◆ What to do
One part of the entries below is wanted: the lines from the one containing "Photo 3 of 20" through the one containing "Обои картинки фото". Write those out exactly and nothing else.

◆ Data for review

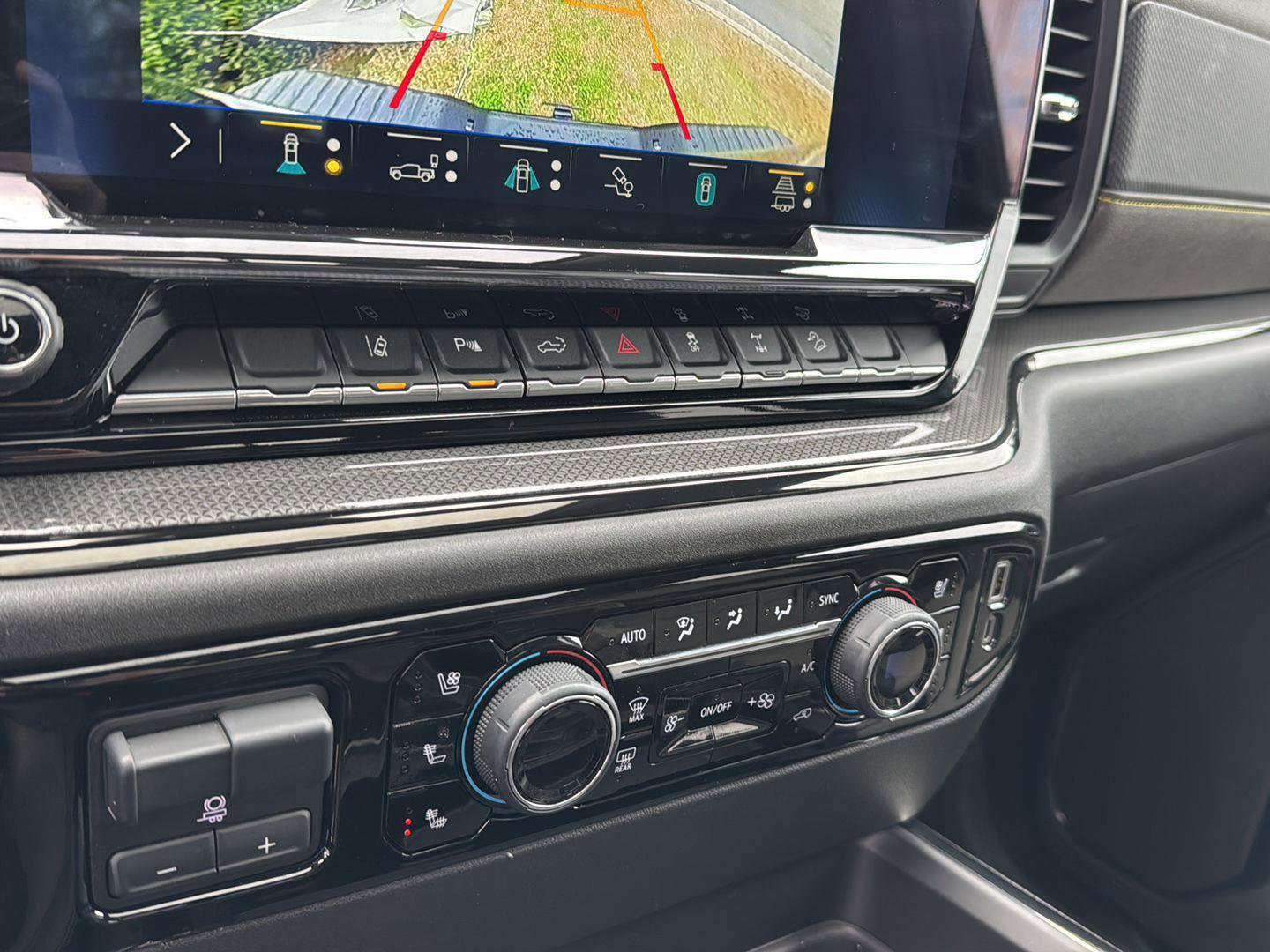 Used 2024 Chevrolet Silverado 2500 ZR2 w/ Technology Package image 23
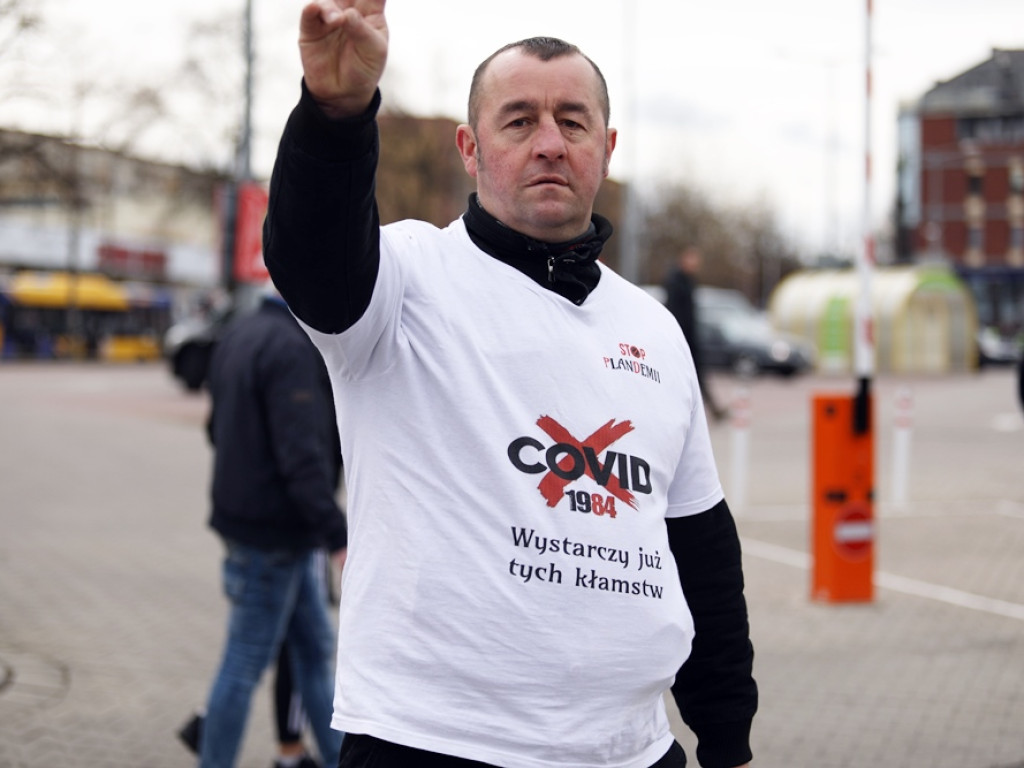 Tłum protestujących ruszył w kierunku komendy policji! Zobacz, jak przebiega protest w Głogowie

---

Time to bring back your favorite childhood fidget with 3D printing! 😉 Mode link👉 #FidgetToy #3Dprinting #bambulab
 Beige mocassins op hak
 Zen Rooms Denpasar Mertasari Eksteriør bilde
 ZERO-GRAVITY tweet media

==

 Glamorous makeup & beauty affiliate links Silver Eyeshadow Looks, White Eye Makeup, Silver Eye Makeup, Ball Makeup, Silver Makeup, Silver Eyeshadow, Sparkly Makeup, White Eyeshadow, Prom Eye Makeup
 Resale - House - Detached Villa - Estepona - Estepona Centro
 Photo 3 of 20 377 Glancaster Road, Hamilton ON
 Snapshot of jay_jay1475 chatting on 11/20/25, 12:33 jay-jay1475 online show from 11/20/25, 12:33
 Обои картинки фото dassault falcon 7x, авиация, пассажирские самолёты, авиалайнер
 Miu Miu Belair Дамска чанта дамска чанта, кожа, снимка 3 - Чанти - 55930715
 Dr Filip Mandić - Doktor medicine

◆ Answer to the exercise
 Photo 3 of 20 377 Glancaster Road, Hamilton ON
 Snapshot of jay_jay1475 chatting on 11/20/25, 12:33 jay-jay1475 online show from 11/20/25, 12:33
 Обои картинки фото dassault falcon 7x, авиация, пассажирские самолёты, авиалайнер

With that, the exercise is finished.